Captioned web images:
━━━━━━━━━━━━━━━━━━━━

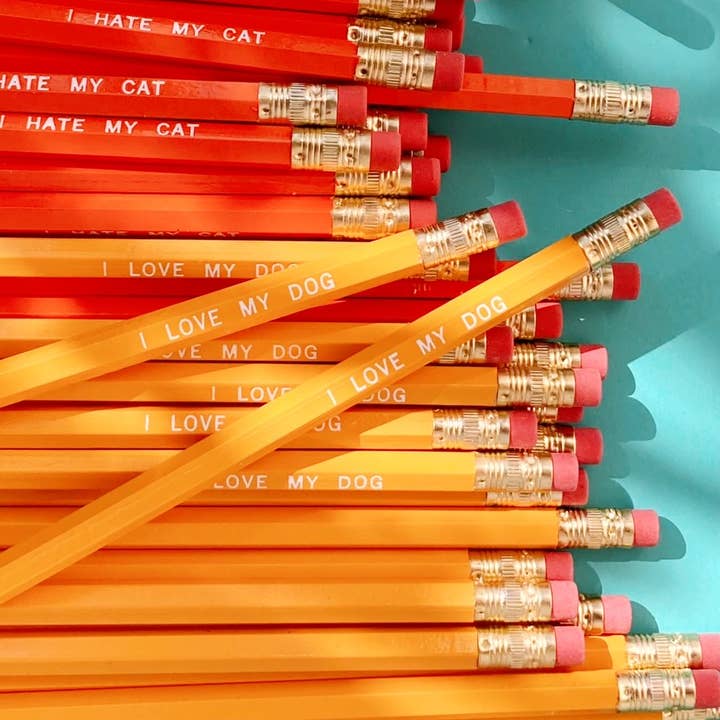 I LOVE MY DOG Pencil for wholesale by Tuff Girl Gang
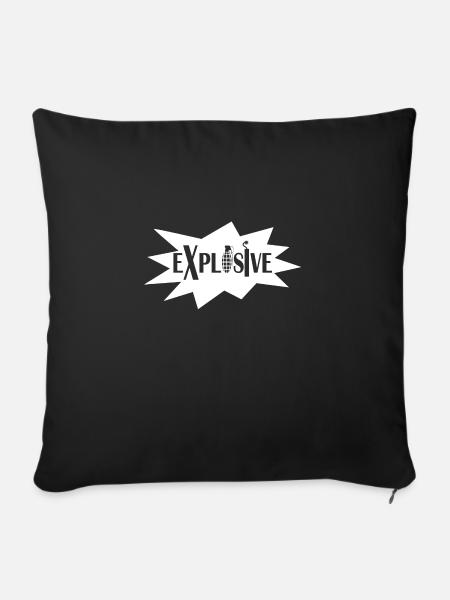 Explosive Design weiss - Sofakissenbezug 45 x 45 cm - Schwarz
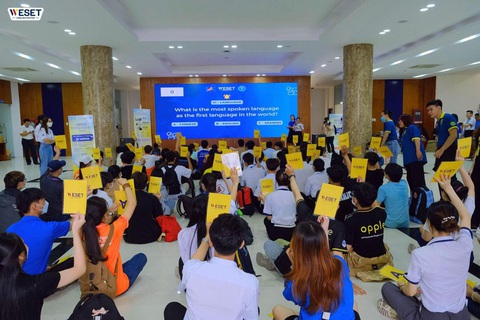 WESET English Center góp mặt trong các hoạt động tiếng Anh tại English Camp 2023 - Ảnh 3. WESET English Center góp mặt trong các hoạt động tiếng Anh tại English Camp 2023 - Ảnh 3.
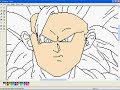 Speed Drawing: SSJ3 Son Goku (MS Paint)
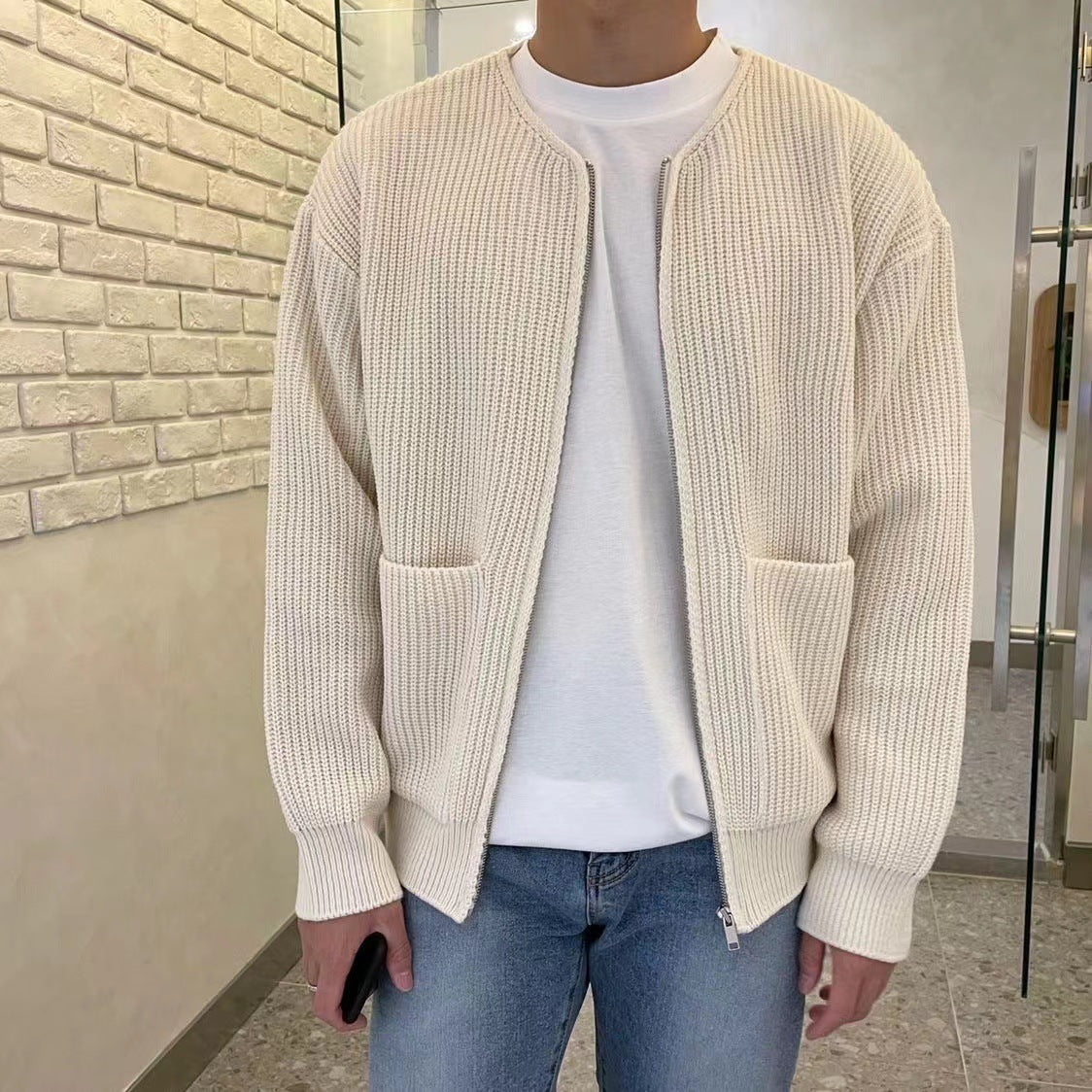 Arthur | Cardigan en maille moderne et confortable pour hommes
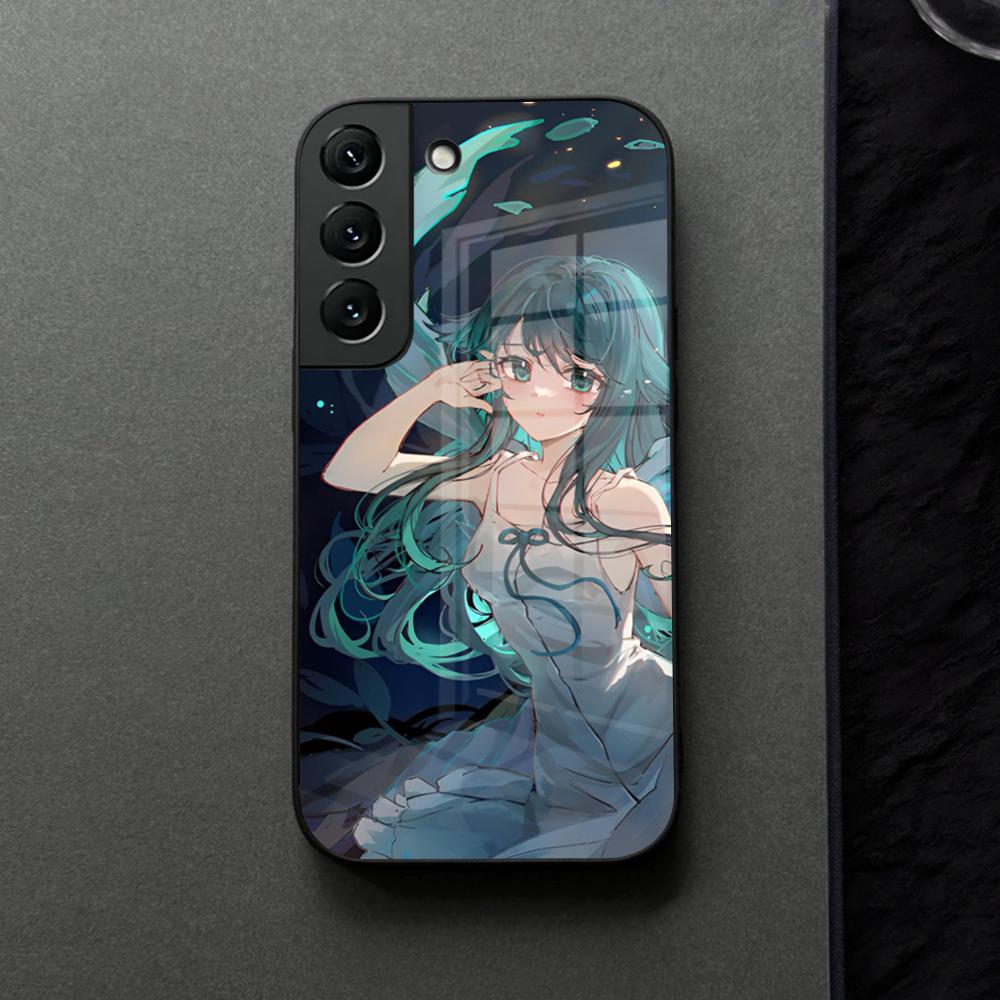 Saya No Uta Песня Сайи Чехол для телефона Стекло Для Samsung Galaxy S21 S26 S25 S22 S20 S24 S23 Ultra Fe Plus A16 A34 A54 A24 Coque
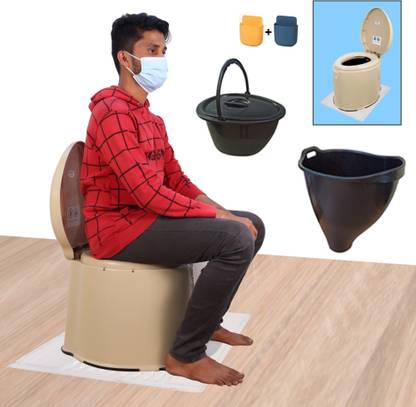 OET European Standard Portable Western Toilet for Elders & Disabled People (WT-03) Commode Chair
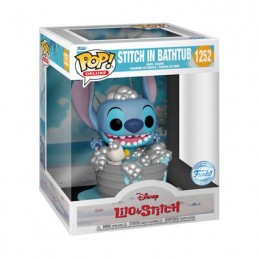 Figur Funko Pop Deluxe Lilo et Stitch Stitch in Bathtub Limited Edition Geneva Store Switzerland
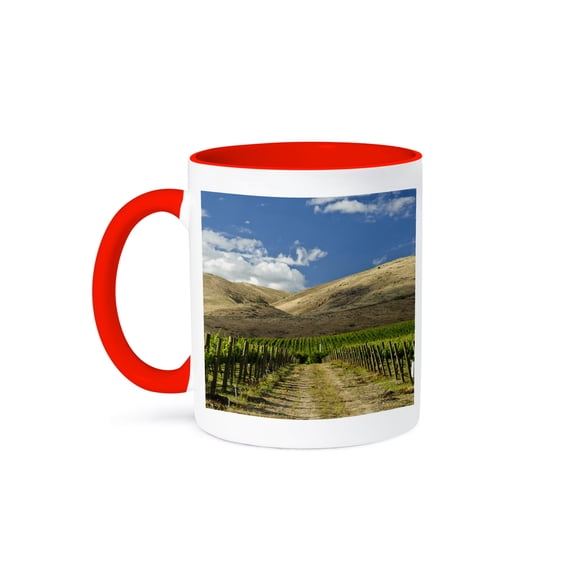 3drose, Usa, Washington, Yakima Valley Vineyard - Us48 Rdu0492 - Richard Duval, 11oz Two-tone Red Mug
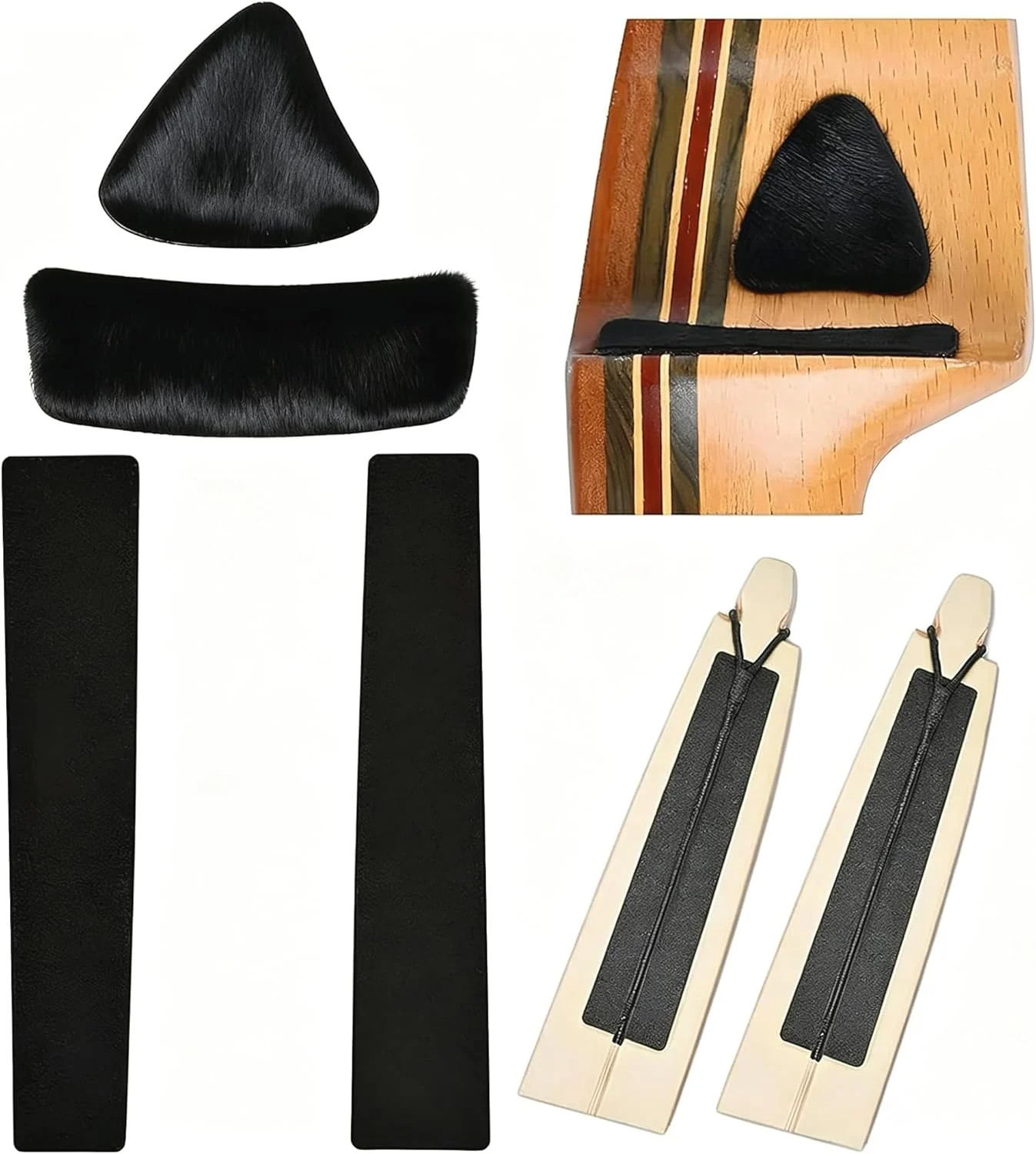 Hair Arrow Rest & Limb Silencers 2Pcs for Recurve Longbow Hunting | 2-pack hair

━━━━━━━━━━━━━━━━━━━━

[AIM OF THE EXERCISE]: Now transcribe the lines above exactly, starting at the line containing "Explosive Design weiss" and ending at the line containing "Arthur | Cardigan", both lines included, pictures excluded.

[EXERCISE RESPONSE]:
 Explosive Design weiss - Sofakissenbezug 45 x 45 cm - Schwarz
 WESET English Center góp mặt trong các hoạt động tiếng Anh tại English Camp 2023 - Ảnh 3. WESET English Center góp mặt trong các hoạt động tiếng Anh tại English Camp 2023 - Ảnh 3.
 Speed Drawing: SSJ3 Son Goku (MS Paint)
 Arthur | Cardigan en maille moderne et confortable pour hommes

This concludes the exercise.